Data Source: https://figshare.com/articles/dataset/Untitled_Item/5513449

Keyes, Os (2017): Politicians by Country from the English-language Wikipedia. figshare. Dataset. https://doi.org/10.6084/m9.figshare.5513449.v6 

In [17]:
#importing wikipedia politicians pages and their countries
wiki_country_politician = pd.read_csv("data/page_data.csv")
wiki_country_politician.head()

Unnamed: 0,page,country,rev_id
0,Template:ZambiaProvincialMinisters,Zambia,235107991
1,Bir I of Kanem,Chad,355319463
2,Template:Zimbabwe-politician-stub,Zimbabwe,391862046
3,Template:Uganda-politician-stub,Uganda,391862070
4,Template:Namibia-politician-stub,Namibia,391862409
...,...,...,...
47192,Yahya Jammeh,Gambia,807482007
47193,Lucius Fairchild,United States,807483006
47194,Fahd of Saudi Arabia,Saudi Arabia,807483153
47195,Francis Fessenden,United States,807483270


#### World Population Data Sheet

This dataset was extracted from the Population Reference Bureau. It contains the world population counts by region for 2019.

Columns are: 
1. "FIPS", contains the Federal Information Processing Standards codes for place
2. "Name", contains the name of the place
3. "Type" , contains the type of place: World, Sub-Region, World
4. "TimeFrame", contains the year (2019)
5. "Data (M)", contains the population count in millions
6. "Population", contains the population count

About the data: https://www.prb.org/international/indicator/population/table/ 

Data Source:
https://docs.google.com/spreadsheets/d/1CFJO2zna2No5KqNm9rPK5PCACoXKzb-nycJFhV689Iw/edit#gid=283125346


In [22]:
#importing the world population (2020) data sheet
world_population_2019 = pd.read_csv("data/WPDS_2020_data.csv")
world_population_2019.head()

Unnamed: 0,FIPS,Name,Type,TimeFrame,Data (M),Population
0,WORLD,WORLD,World,2019,7772.85,7772850000
1,AFRICA,AFRICA,Sub-Region,2019,1337.918,1337918000
2,NORTHERN AFRICA,NORTHERN AFRICA,Sub-Region,2019,244.344,244344000
3,DZ,Algeria,Country,2019,44.357,44357000
4,EG,Egypt,Country,2019,100.803,100803000


## Data Processing
Both page_data.csv and WPDS_2020_data.csv contain some rows that you will need to filter out and/or ignore when you combine the datasets in the next step. In the case of page_data.csv, the dataset contains some page names that start with the string "Template:". These pages are not Wikipedia articles, and should not be included in your analysis.

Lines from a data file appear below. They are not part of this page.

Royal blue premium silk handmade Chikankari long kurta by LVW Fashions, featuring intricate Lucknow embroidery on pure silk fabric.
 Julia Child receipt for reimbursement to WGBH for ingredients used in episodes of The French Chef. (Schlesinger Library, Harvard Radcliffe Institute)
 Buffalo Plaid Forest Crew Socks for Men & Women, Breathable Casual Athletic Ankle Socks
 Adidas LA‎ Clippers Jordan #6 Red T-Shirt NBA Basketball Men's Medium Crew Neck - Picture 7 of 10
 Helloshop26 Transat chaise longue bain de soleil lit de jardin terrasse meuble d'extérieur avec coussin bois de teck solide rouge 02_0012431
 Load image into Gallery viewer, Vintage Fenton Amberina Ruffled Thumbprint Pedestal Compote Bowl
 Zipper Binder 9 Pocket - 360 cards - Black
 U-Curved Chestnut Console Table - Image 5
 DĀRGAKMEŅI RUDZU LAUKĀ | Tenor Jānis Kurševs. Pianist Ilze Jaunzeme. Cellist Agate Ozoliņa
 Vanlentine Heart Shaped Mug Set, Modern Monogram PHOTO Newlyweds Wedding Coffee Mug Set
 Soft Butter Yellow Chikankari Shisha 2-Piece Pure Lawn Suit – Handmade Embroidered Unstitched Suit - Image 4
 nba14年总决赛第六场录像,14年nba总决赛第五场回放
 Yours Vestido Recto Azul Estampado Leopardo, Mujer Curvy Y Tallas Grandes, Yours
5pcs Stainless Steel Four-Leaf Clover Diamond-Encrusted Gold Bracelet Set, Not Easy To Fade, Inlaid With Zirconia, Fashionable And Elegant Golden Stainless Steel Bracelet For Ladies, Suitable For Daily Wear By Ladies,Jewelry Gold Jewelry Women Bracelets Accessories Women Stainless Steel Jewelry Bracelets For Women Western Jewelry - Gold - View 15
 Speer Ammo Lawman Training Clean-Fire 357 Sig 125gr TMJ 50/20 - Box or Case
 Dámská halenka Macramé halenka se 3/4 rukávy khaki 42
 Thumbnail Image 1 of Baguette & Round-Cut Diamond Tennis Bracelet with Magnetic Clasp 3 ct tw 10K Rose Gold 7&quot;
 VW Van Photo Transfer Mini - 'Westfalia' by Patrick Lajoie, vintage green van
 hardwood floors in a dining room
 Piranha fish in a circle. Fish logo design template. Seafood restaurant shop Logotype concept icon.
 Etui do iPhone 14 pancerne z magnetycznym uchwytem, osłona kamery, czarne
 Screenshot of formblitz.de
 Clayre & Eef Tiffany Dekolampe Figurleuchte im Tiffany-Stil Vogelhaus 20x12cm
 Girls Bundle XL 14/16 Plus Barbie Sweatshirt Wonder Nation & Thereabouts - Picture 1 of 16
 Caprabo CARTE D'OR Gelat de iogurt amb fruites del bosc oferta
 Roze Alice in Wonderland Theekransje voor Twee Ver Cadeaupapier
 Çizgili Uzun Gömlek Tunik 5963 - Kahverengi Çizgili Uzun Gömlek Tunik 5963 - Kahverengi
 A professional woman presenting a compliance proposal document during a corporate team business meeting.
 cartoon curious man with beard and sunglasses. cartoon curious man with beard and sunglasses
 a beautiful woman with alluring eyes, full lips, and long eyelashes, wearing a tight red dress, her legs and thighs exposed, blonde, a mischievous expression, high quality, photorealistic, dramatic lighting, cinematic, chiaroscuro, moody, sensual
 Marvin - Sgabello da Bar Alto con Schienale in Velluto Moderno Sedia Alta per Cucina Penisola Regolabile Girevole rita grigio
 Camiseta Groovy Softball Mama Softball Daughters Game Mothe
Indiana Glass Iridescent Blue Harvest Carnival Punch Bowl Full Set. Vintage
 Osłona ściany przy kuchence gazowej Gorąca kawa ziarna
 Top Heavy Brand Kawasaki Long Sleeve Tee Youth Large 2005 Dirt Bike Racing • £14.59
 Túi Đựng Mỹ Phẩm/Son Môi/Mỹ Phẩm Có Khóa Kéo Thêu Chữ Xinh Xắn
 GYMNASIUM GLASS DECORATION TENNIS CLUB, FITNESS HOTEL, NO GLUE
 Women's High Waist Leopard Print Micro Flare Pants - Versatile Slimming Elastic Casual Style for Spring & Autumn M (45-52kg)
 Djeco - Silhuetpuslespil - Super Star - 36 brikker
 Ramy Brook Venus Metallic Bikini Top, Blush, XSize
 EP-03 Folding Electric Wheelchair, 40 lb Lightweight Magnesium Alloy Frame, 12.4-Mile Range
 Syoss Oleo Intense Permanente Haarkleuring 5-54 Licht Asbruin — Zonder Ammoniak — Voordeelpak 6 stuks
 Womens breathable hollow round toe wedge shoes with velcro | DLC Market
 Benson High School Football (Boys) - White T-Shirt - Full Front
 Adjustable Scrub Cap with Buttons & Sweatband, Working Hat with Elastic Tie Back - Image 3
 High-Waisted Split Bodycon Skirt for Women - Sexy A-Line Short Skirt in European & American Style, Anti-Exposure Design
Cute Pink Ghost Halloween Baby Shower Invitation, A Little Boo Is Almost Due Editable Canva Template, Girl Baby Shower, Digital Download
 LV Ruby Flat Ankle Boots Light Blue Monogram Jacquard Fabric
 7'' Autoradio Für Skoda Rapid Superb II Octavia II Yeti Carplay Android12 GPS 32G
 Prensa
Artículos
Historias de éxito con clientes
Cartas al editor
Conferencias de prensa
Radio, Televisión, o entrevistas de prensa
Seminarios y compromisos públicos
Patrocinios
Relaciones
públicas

Similarly, WPDS_2020_data.csv contains some rows that provide cumulative regional population counts, rather than country-level counts. These rows are distinguished by having ALL CAPS values in the 'geography' field (e.g. AFRICA, OCEANIA). These rows won't match the country values in page_data.csv, but you will want to retain them (either in the original file, or a separate file) so that you can report coverage and quality by region in the analysis section.


In [15]:
wiki_country_politician[wiki_country_politician['page'].str.contains('Template:')].index

Int64Index([    0,     2,     3,     4,     5,     6,     7,     8,     9,
               11,
            ...
            44296, 44580, 44581, 44603, 44657, 44916, 44966, 45587, 45823,
            46907],
           dtype='int64', length=496)

In [19]:
#select row indices with "Template:"
templates_rows = wiki_country_politician[wiki_country_politician['page'].str.contains('Template:')].index

#removing pages that start with the string "Template:"
wiki_country_politician = wiki_country_politician.drop(index = templates_rows)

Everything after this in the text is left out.